|Subject: C. Vasconcelos on ET Justice
System to Int'l Association of Prosecutors
BRIEFING TO THE ANNUAL CONFERENCE OF THE INTERNATIONAL ASSOCIATION OF PROSECUTORS HELD IN SYDNEY, 2-7 SEPTEMBER 2001
Dear Fellow Prosecutors of the IAP Conference in Sydney:
My name is Carlos Vasconcelos. I am a Federal Prosecutor at the 1st Federal Court of Appeals in Brasilia, Brazil. I have been a prosecutor for 18 years. From June to September 2000, I served with the United Nations in East Timor (‘UNTAET’) and was acting General Prosecutor and acting Deputy General Prosecutor for Serious Crimes during this period. My office was responsible for the investigation and prosecution of atrocities, such as crimes against humanity and genocide. Through a representative of the Brazilian National Association of Federal Prosecutors (ANPR) who is attending this Congress, I would like to avail myself of the opportunity to share my concerns about the future of the prosecution service in that territory.
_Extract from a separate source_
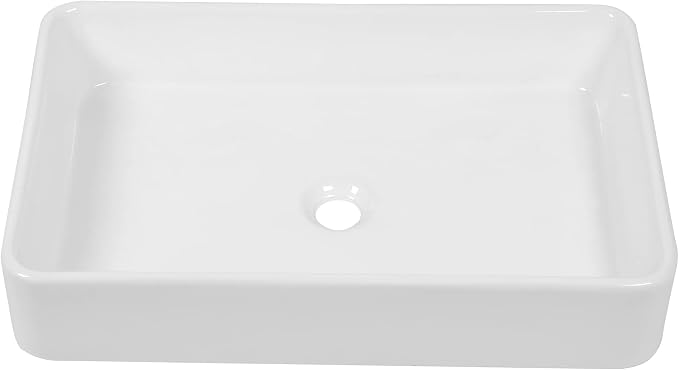 Vessel Sink Bathroom 24”x16” White Rectangle Vanity Sink for Bathroom Modern Ceramic Porcelain Bathroom Sinks above Counter Art Basin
Since leaving East Timor, I have grappled with my professional obligations of confidentiality, which have prevented me from speaking out about the situation that I encountered there. However, Amnesty International’s recent outstanding report on the state of criminal justice in East Timor, the latest in a long line of reports decrying the malfunctioning system, has pressed on my conscience. The unstinting work of a brave East Timorese NGO, Yayasan Hak, fresh from challenging the abusive occupying Indonesian regime, and now fighting disturbing encroachments on judicial independence in East Timor, has likewise made me consider my overriding responsibilities. Thus, my concerns for the future of East Timor and the injustice being done by UNTAET compel me to speak out about my experiences in a mission that is supposed to be building judicial institutions that comply with international standards and follow best practice. I do so in the hope that publicity may put an end to such things and that the East Timorese will finally have a system that is worthy of their sacrifices over the years.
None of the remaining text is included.